*Task prompt:* I'd like the entire listing output verbatim, apart from the pictures.

*Data supplied:*
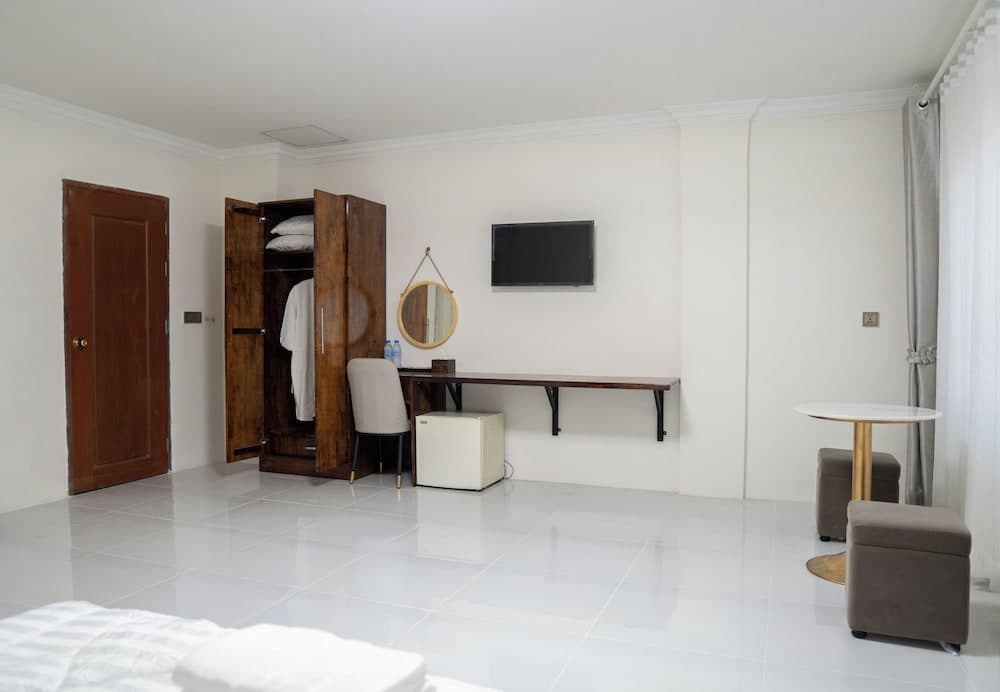 Empire House Phnom Penh photo 5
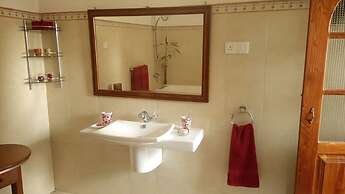 Tea Leaf Retreat Peradeniya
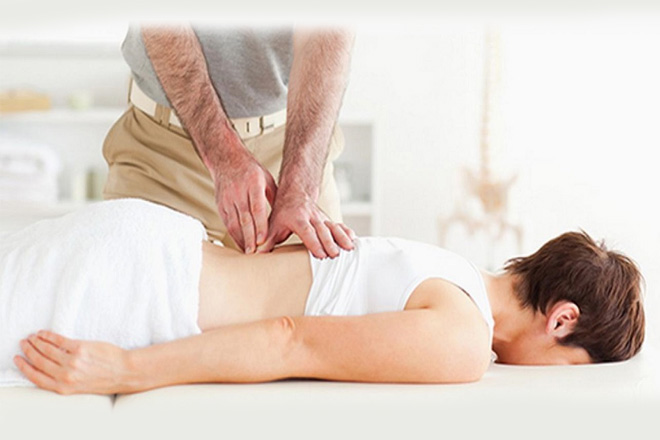 Xoa bóp bấm huyệt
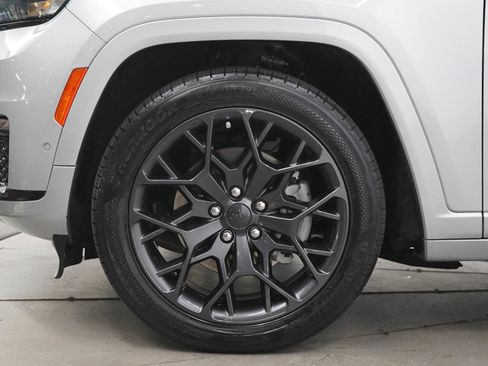 Used 2024 Jeep Grand Cherokee L Summit AWD/4WD image 30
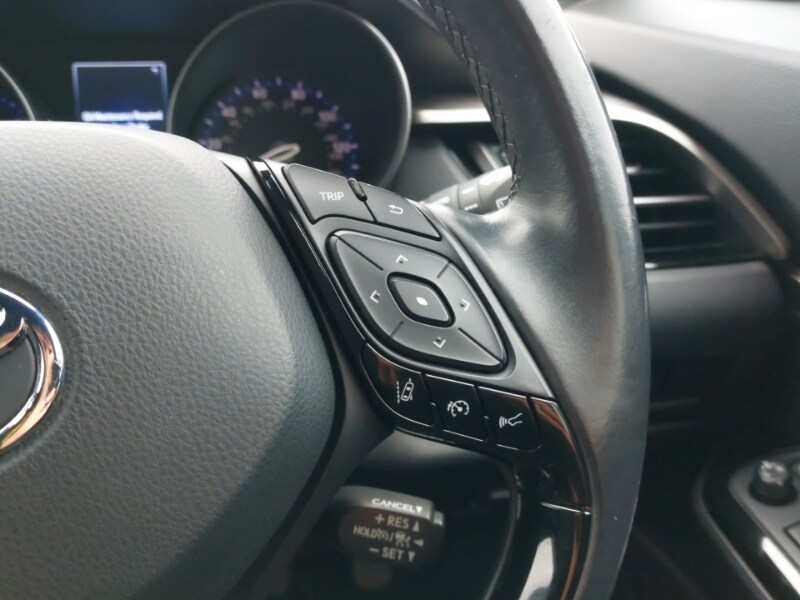 Used Toyota C-HR 2019 for sale - 76816364: Photo 19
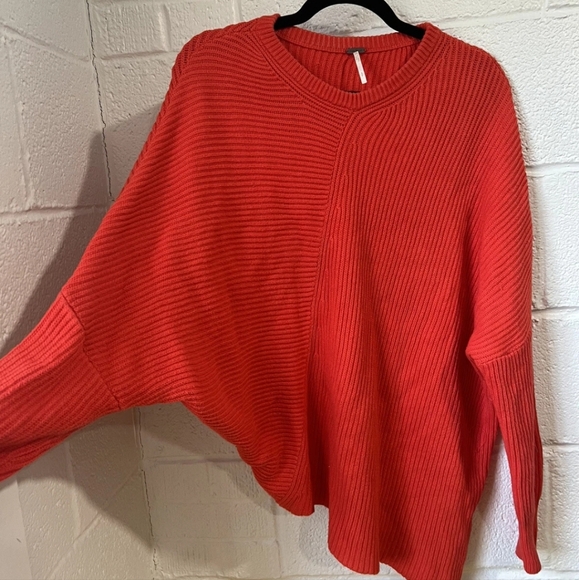 Free People  Downtown Long Sleeve Ribbed KniAsymmetrical Sweater Coral SMALL - Picture 4 of 6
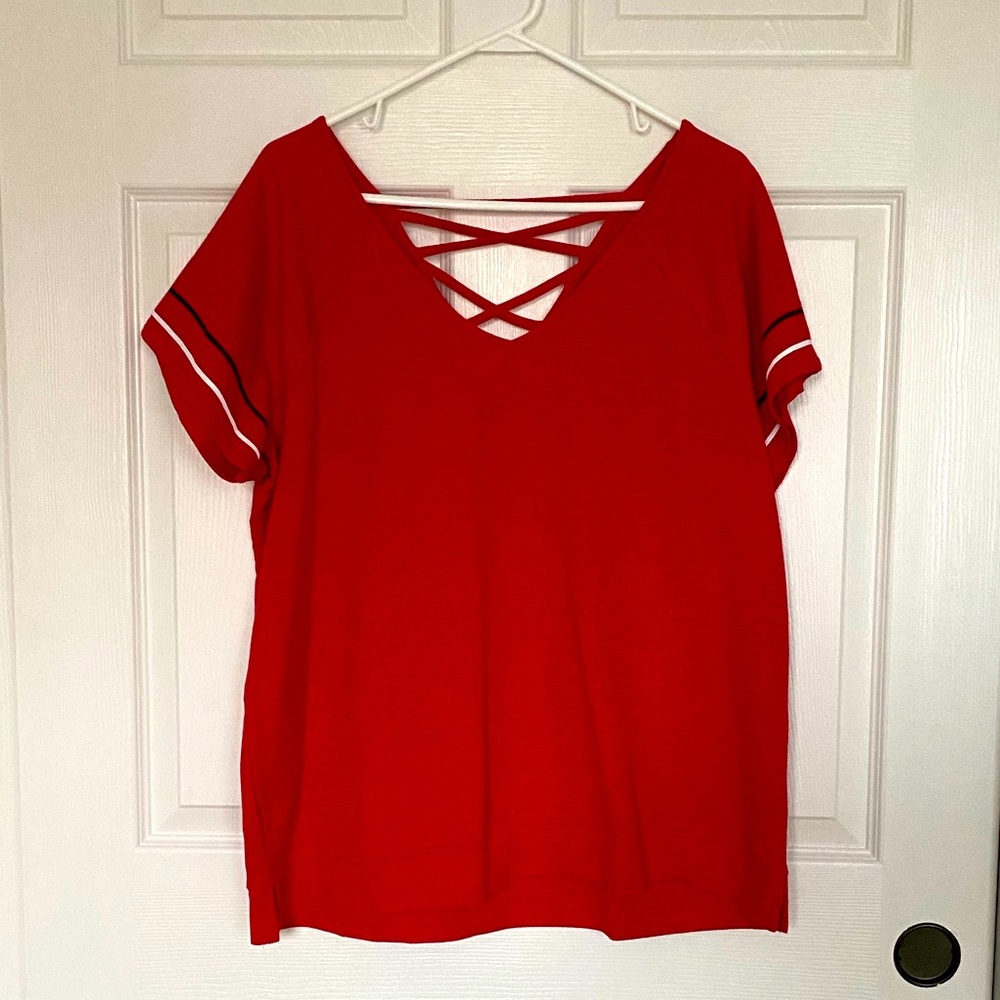 Super Cute Maurices soft, red, sweatshirt style T-shirt with criss-cross design
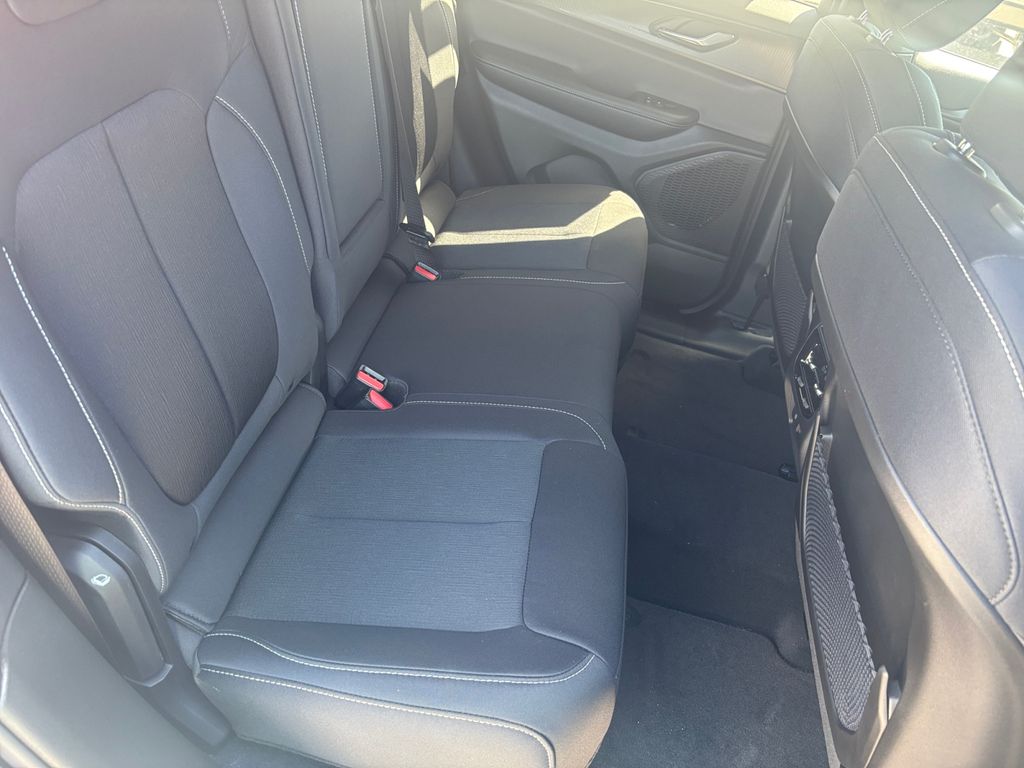 2025 Jeep Grand Cherokee Laredo - Photo 35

*Output of the task:*
 Empire House Phnom Penh photo 5
 Tea Leaf Retreat Peradeniya
 Xoa bóp bấm huyệt
 Used 2024 Jeep Grand Cherokee L Summit AWD/4WD image 30
 Used Toyota C-HR 2019 for sale - 76816364: Photo 19
 Free People  Downtown Long Sleeve Ribbed KniAsymmetrical Sweater Coral SMALL - Picture 4 of 6
 Super Cute Maurices soft, red, sweatshirt style T-shirt with criss-cross design
 2025 Jeep Grand Cherokee Laredo - Photo 35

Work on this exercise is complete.